* Data provided:
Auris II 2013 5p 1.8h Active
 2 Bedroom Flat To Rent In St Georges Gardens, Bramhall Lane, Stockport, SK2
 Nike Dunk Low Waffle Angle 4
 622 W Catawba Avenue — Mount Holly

* About this exercise:
Repeat, without change, each line of the data above from the one that contains "2 Bedroom Flat" through the final line, counting both.

* Task solution:
 2 Bedroom Flat To Rent In St Georges Gardens, Bramhall Lane, Stockport, SK2
 Nike Dunk Low Waffle Angle 4
 622 W Catawba Avenue — Mount Holly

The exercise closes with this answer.